When you reach the records below, output every one exactly as written but leave out any pictures.

Stored data:
• • • •

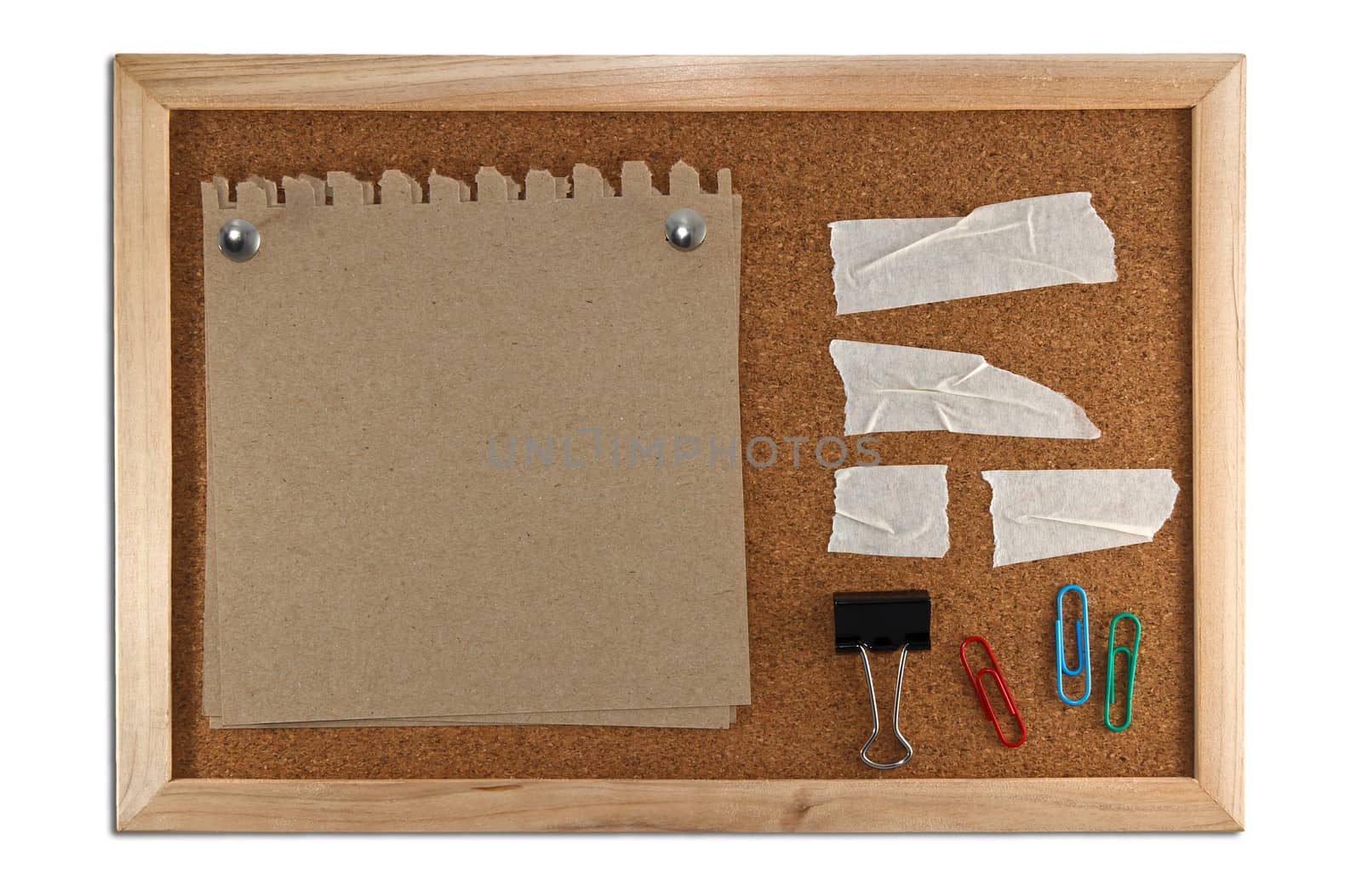 Blank memo notes on cork board 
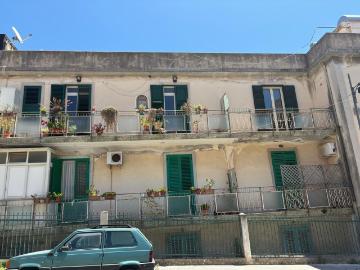 Trilocale da ristrutturare a Messina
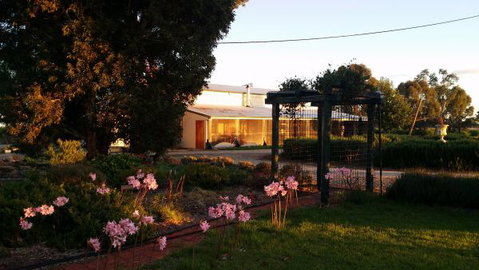 Angas Plains Wines Suites - Accommodation Batemans Bay 2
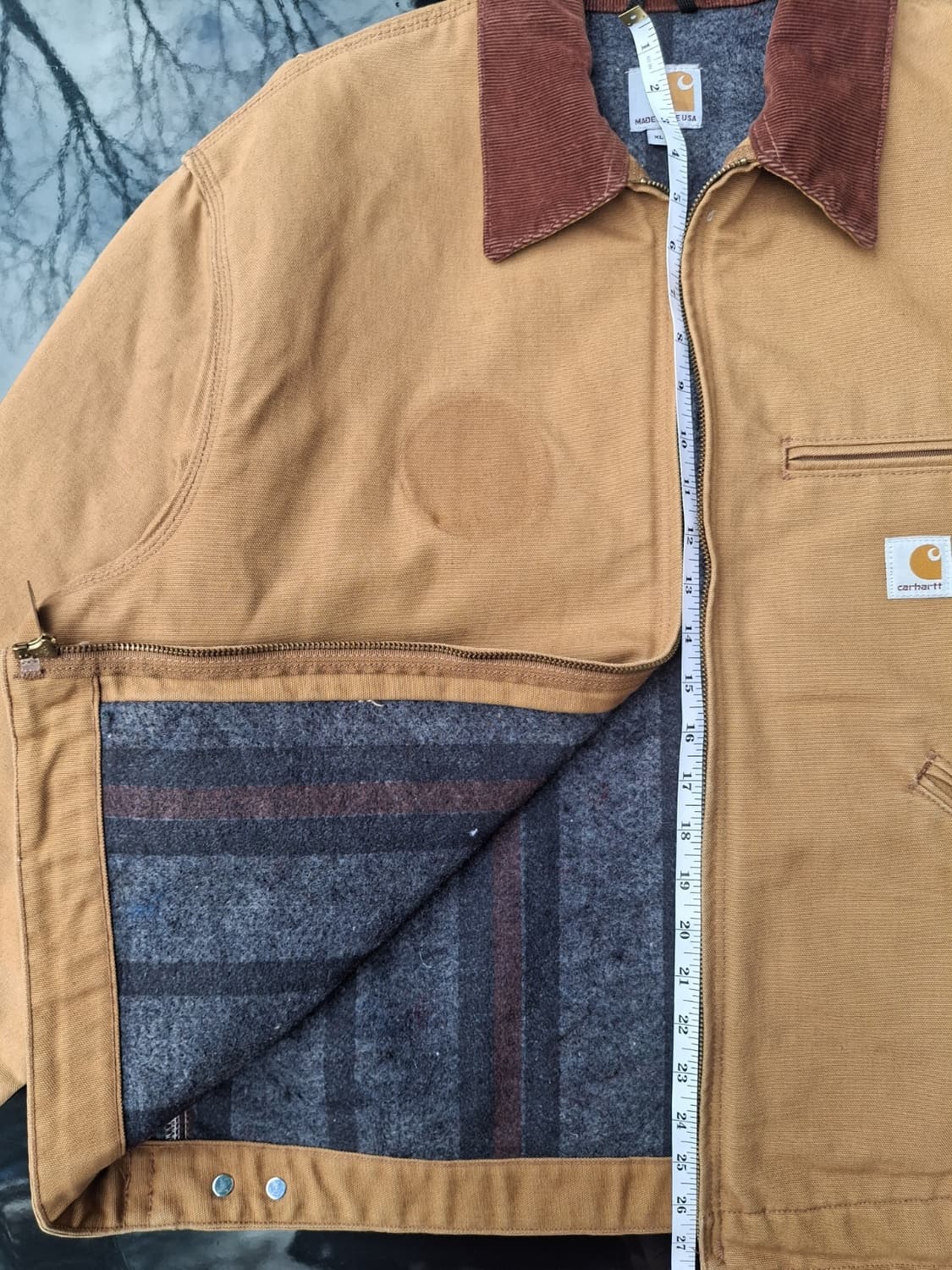 칼하트 디트로이트 USA 플래그 커스텀 자켓 브라운  상품이미지5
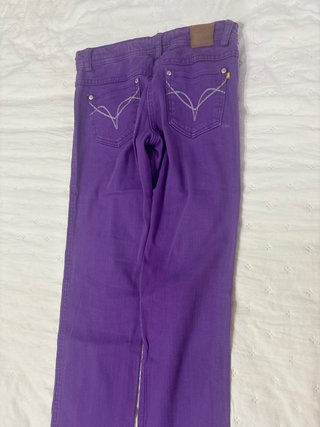 Pantalón morado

• • • •

REPLY ->
 Blank memo notes on cork board 
 Trilocale da ristrutturare a Messina
 Angas Plains Wines Suites - Accommodation Batemans Bay 2
 칼하트 디트로이트 USA 플래그 커스텀 자켓 브라운  상품이미지5
 Pantalón morado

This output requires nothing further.